> [Exercise directions]: Copy exactly the stretch of lines from the one holding "Hello and welcome" through the last line of the data below, inclusive. Leave out pictures.

*** Opening of Given information ***

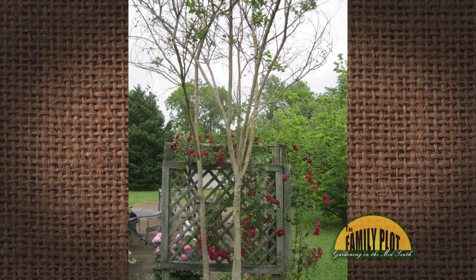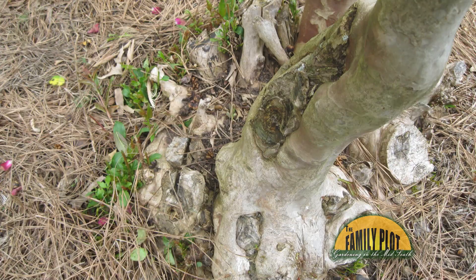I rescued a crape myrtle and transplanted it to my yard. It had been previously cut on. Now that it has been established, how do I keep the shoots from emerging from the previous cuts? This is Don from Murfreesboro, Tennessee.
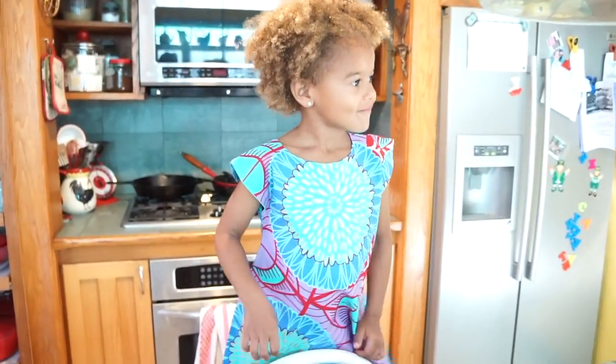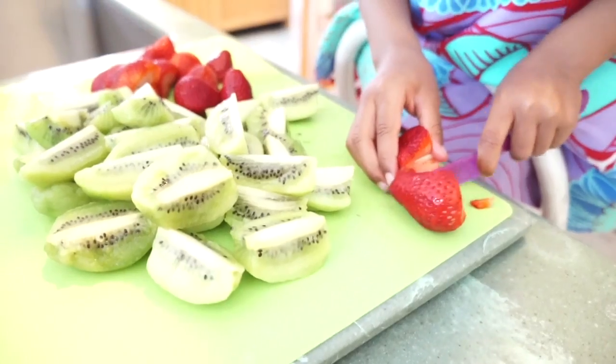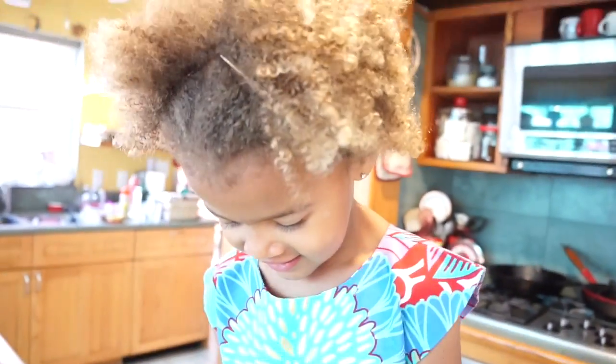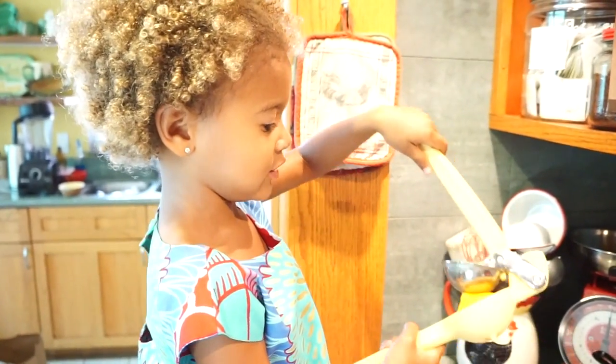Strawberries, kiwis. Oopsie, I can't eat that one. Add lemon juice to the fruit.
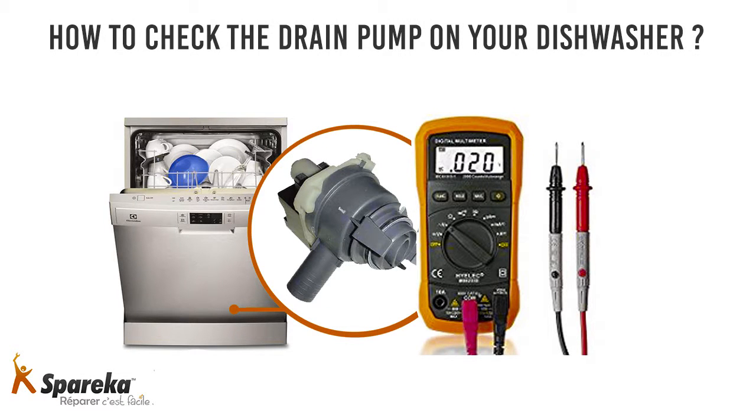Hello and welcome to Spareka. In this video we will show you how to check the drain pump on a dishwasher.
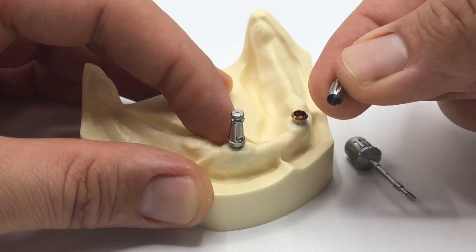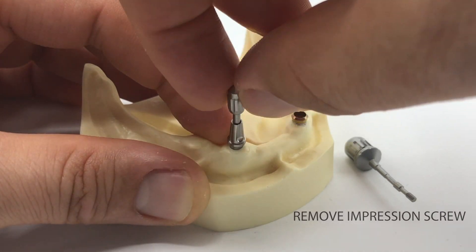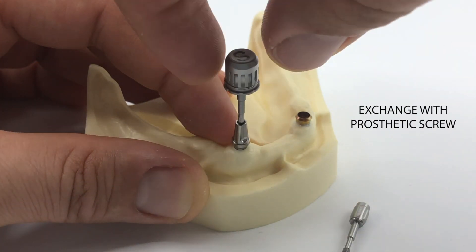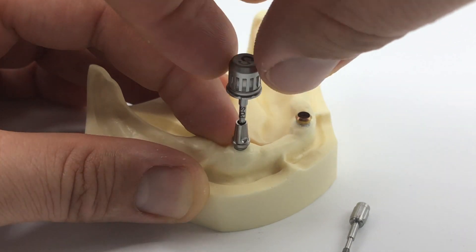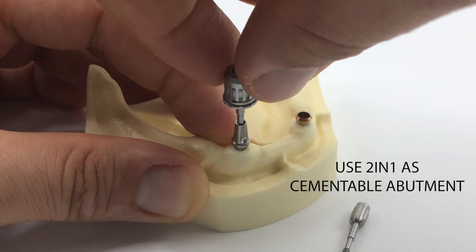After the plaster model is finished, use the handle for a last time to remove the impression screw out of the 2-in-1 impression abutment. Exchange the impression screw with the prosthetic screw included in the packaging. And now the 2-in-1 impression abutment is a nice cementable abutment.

*** Close of Given information ***

> [Problem solution]:
Hello and welcome to Spareka. In this video we will show you how to check the drain pump on a dishwasher.
After the plaster model is finished, use the handle for a last time to remove the impression screw out of the 2-in-1 impression abutment. Exchange the impression screw with the prosthetic screw included in the packaging. And now the 2-in-1 impression abutment is a nice cementable abutment.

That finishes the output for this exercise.